Like all fun cars, the Si, and its components, the motor, the gearbox, the suspension tweaks, add up to more than what they appear to be on paper. And let’s face it, that’s what the Si is—a fun car. It’s not a track car, and it doesn’t come with a coupon for a free Nurburgring tattoo. It’s meant solely to add a bit of joy to your every day, and there are very few new cars today that can do that. The Si is that car from the instant you hop in. It fits like a glove. Even on winter tires, there was a cheeky sense of confidence that’s been a Civic Si hallmark since basically forever.
The steering, like that in the Type R, is super quick and very precise with a heavier feel than I was expecting, although it does feel artificially boosted. When you floor it, there’s no torque steer, and in between shifts the revs drop faster than they did before, although this car still rewards a shifting style that’s less hurried.
Running through the gears is distilled happiness. You get that old-school Civic fizz as the tach runs up to a slightly disappointing (for a Honda) 6500 rpm redline. Each upshift is met with a satisfying turbo surge. Rev matching like in the Type R is now a thing and it will do it on downshifts and upshifts. If you’re not a fan of that, you can just as easily turn it off via the infotainment system.
A drive mode selector lets you pick from “Normal”, “Sport”, and “Individual”. Each alters throttle response and steering feel.
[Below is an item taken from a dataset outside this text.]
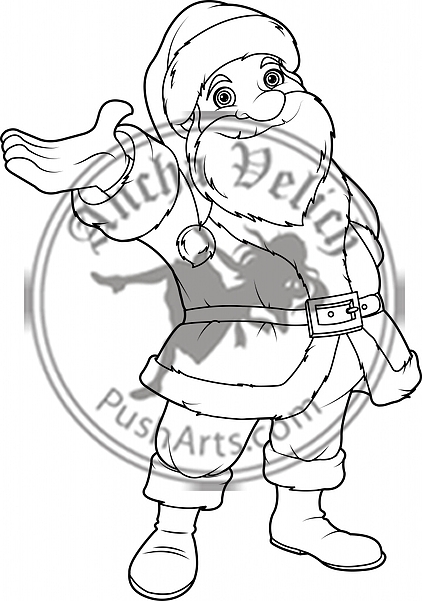 Santa Clause Coloring Page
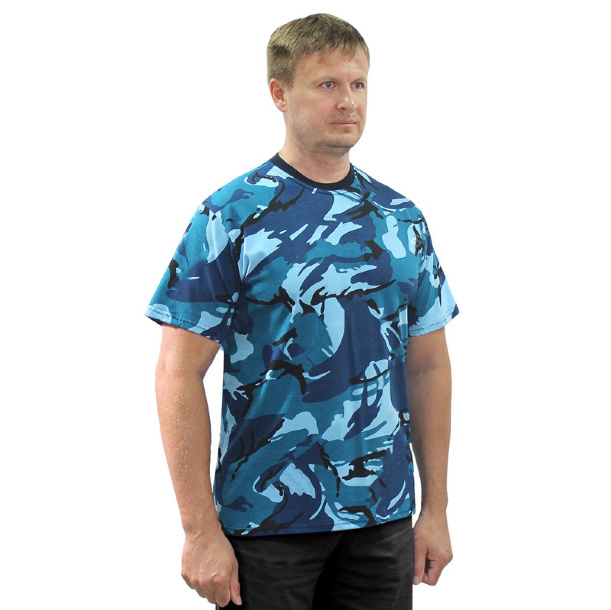 

Футболка мужская NoBrand Cam grey синяя 60 RU, Cam grey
I left it in “Sport” for most of my time with it. In any mode, the Si is quick enough to be fun but not fast enough to land you in trouble and that’s exactly the combination you want on public roads. It’s also very efficient. Even with a heavy foot, I got a combined 7.1L/100 km over a mix of wintry roads.
Handling as you’d expect belies its humble front-wheel drive underpinnings. There’s only a small amount of roll, the brakes have excellent feel, and there’s very little understeer present unless you do something stupid. And thanks to that torque hitting a bit lower down on the scale, corner exits are very satisfying indeed. The whole car acts as a single piece, the shifter, clutch, steering, brakes, all complement each other. Even the ride is just stiff enough without being uncomfortable and on the highway, it’s planted in a way a Civic has never been. Driving the Si is a fluid experience. Even with fake engine audio pumped in it delivers a load of character that you just don’t get at this price point.
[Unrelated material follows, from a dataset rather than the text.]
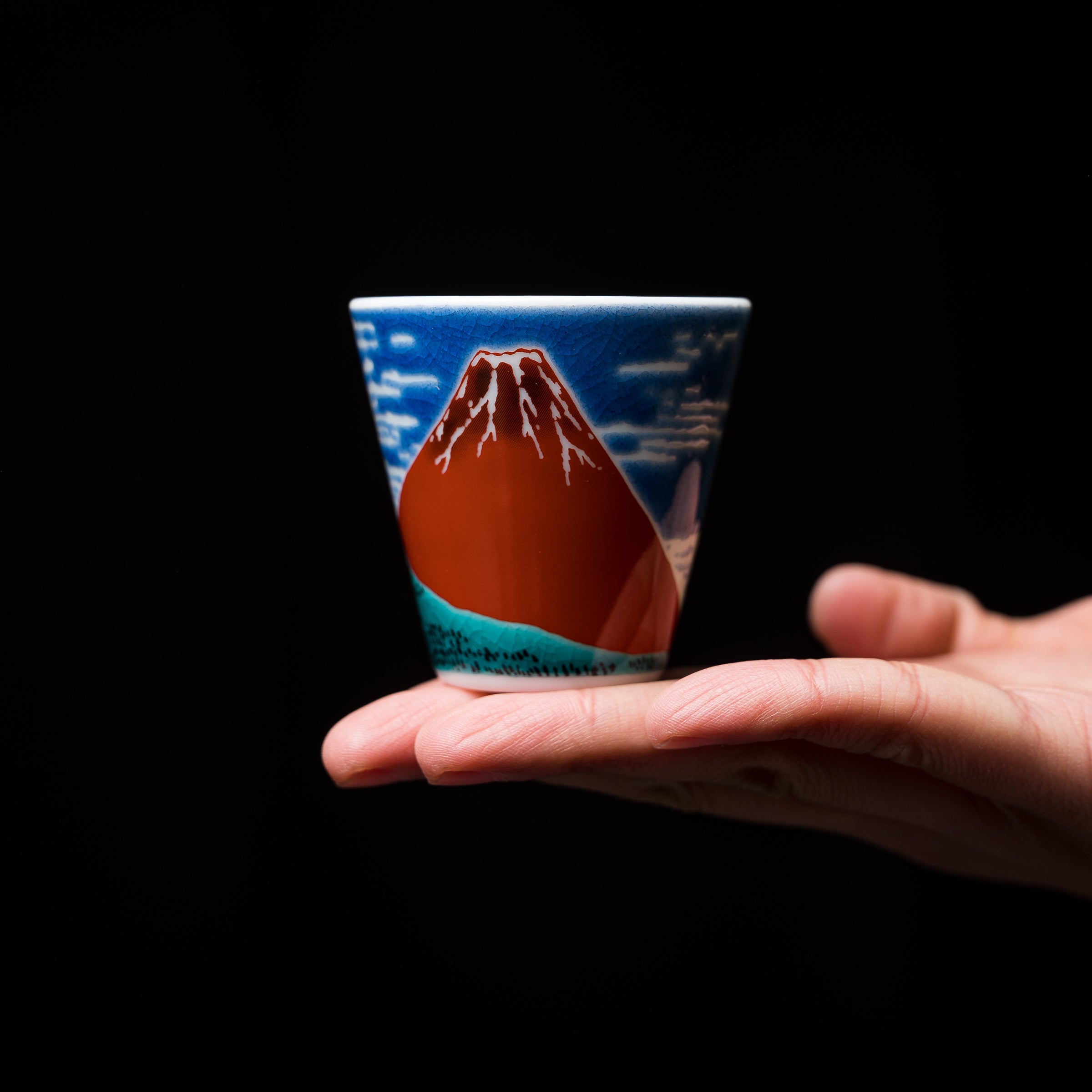 Kutani Design x Wakasa Porcelain Sake Cup Set - 30 Unique Japanese Ceramic Drinking Cups for Sake, Tea & Cocktails - Traditional Handcrafted Japanese Tea Ceremony & Home Bar Accessories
In Canada, the Si is priced at $33,150, a bargain for what you’re getting. It’s got everything you get in a “Touring” trimmed sedan minus the leather interior, and we even get things that the US market doesn’t, like a fully digital gauge cluster, heated seats, and a set of awesome shift lights that makes driving it more of an event.
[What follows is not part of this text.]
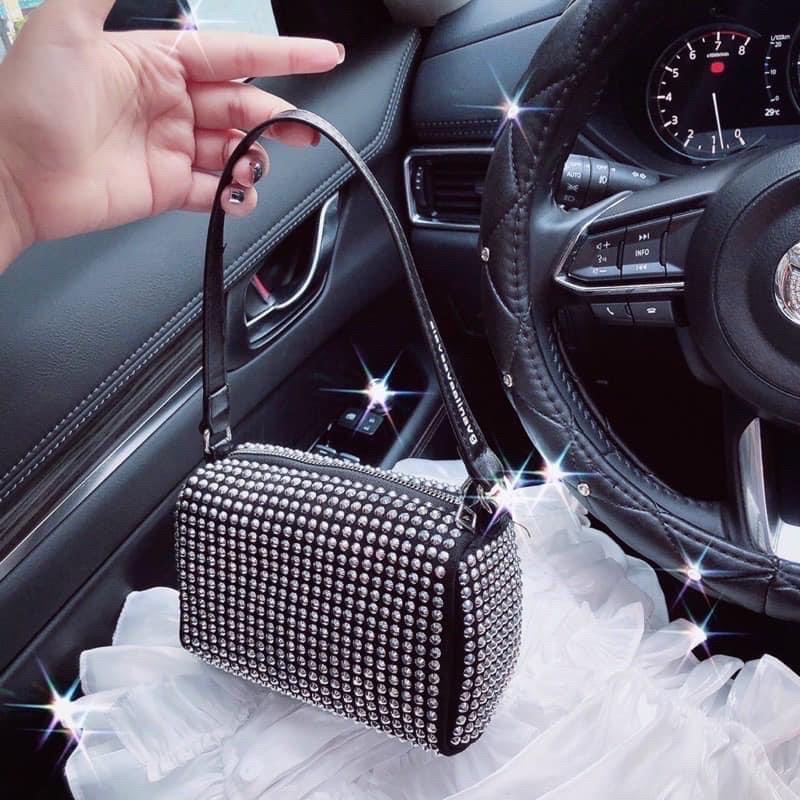 Túi kẹp nách đính đá sáng lấp lánh alex | BigBuy360 - bigbuy360.vn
There were few negatives. The backup camera got completely obscured by salt and grime about 5 minutes after I picked it up, and although this one’s more personal, I wish the Si came in hatchback form. Yes, the upcoming Type R will address that, but it will also cost much more.
This is a car I’d happily buy with my own money. On paper, the new Golf GTI has more power and that hatchback configuration I desire, but I will reserve comparing the two until I can get my hands on one. For now, the Si is something to be celebrated. It’s a manual-only beacon shining brightly in a world dominated by crossovers and for the driving enthusiast, it doesn’t come much better.